> [The task]
When copying the listing below, skip every picture and keep each word as it stands.

━━━ Material provided ━━━

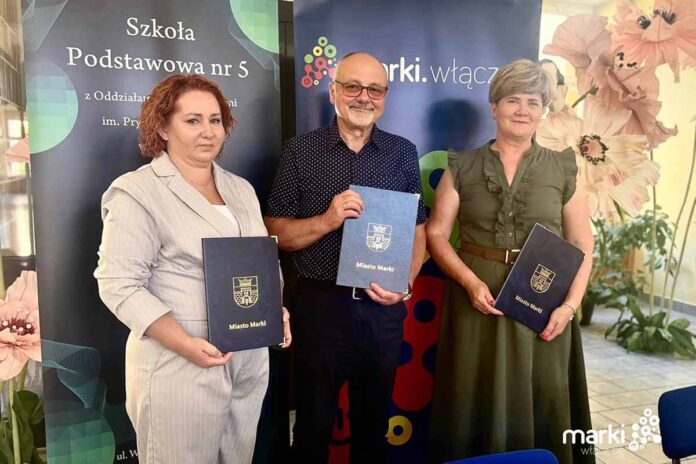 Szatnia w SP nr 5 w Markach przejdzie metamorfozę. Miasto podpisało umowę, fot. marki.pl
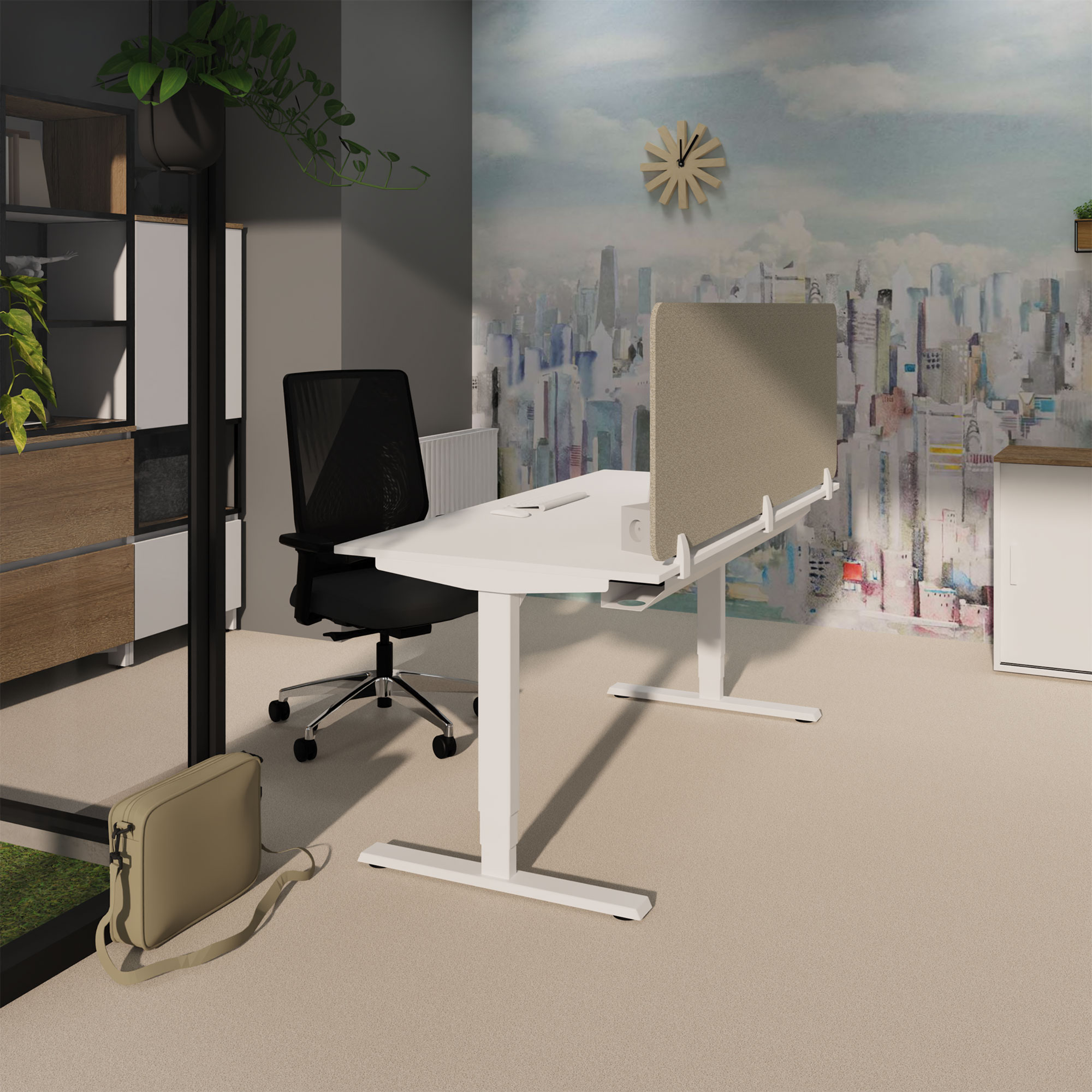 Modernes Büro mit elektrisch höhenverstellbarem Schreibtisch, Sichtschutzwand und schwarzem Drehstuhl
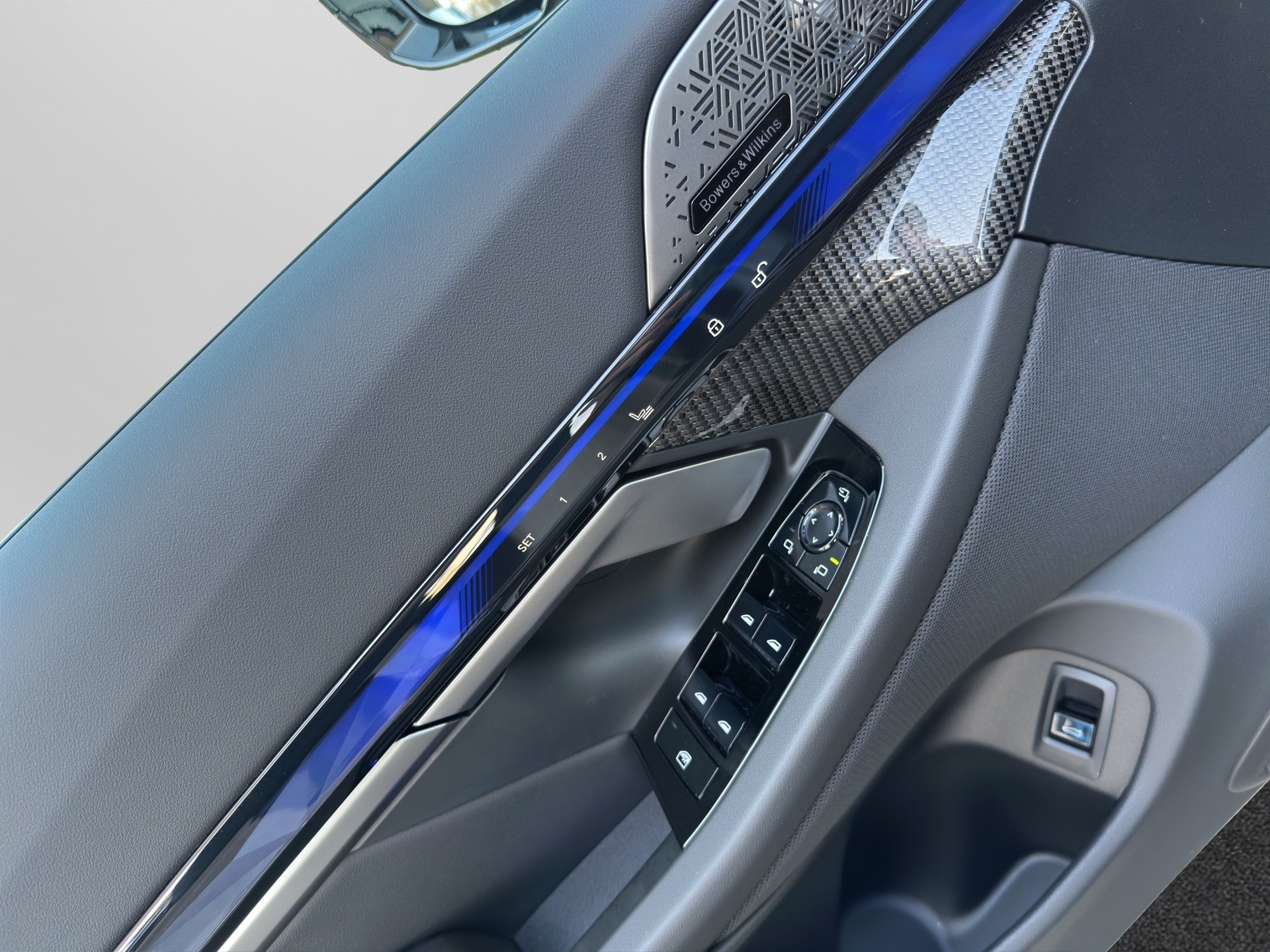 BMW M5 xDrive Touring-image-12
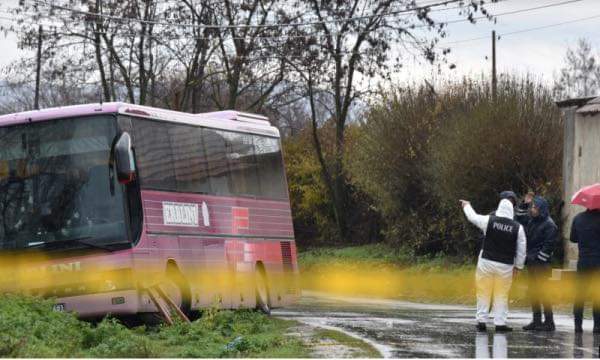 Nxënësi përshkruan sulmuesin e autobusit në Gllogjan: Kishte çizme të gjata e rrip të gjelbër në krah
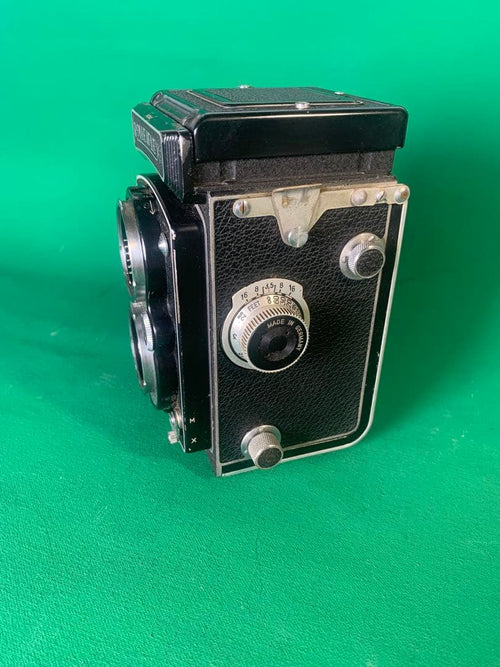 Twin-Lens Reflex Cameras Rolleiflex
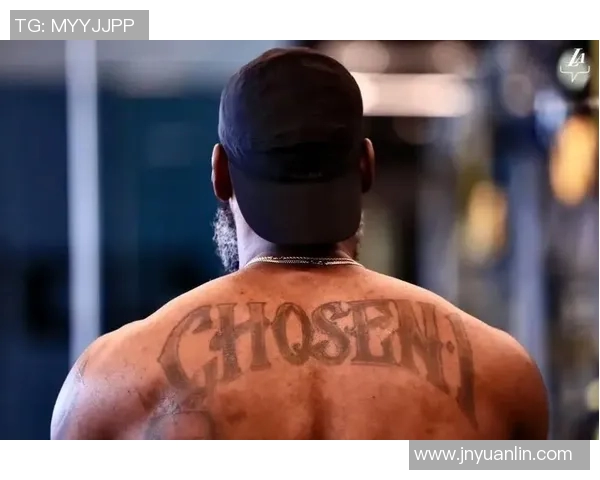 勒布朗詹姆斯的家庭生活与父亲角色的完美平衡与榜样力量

━━━

> [Task result]
 Szatnia w SP nr 5 w Markach przejdzie metamorfozę. Miasto podpisało umowę, fot. marki.pl
 Modernes Büro mit elektrisch höhenverstellbarem Schreibtisch, Sichtschutzwand und schwarzem Drehstuhl
 BMW M5 xDrive Touring-image-12
 Nxënësi përshkruan sulmuesin e autobusit në Gllogjan: Kishte çizme të gjata e rrip të gjelbër në krah
 Twin-Lens Reflex Cameras Rolleiflex
 勒布朗詹姆斯的家庭生活与父亲角色的完美平衡与榜样力量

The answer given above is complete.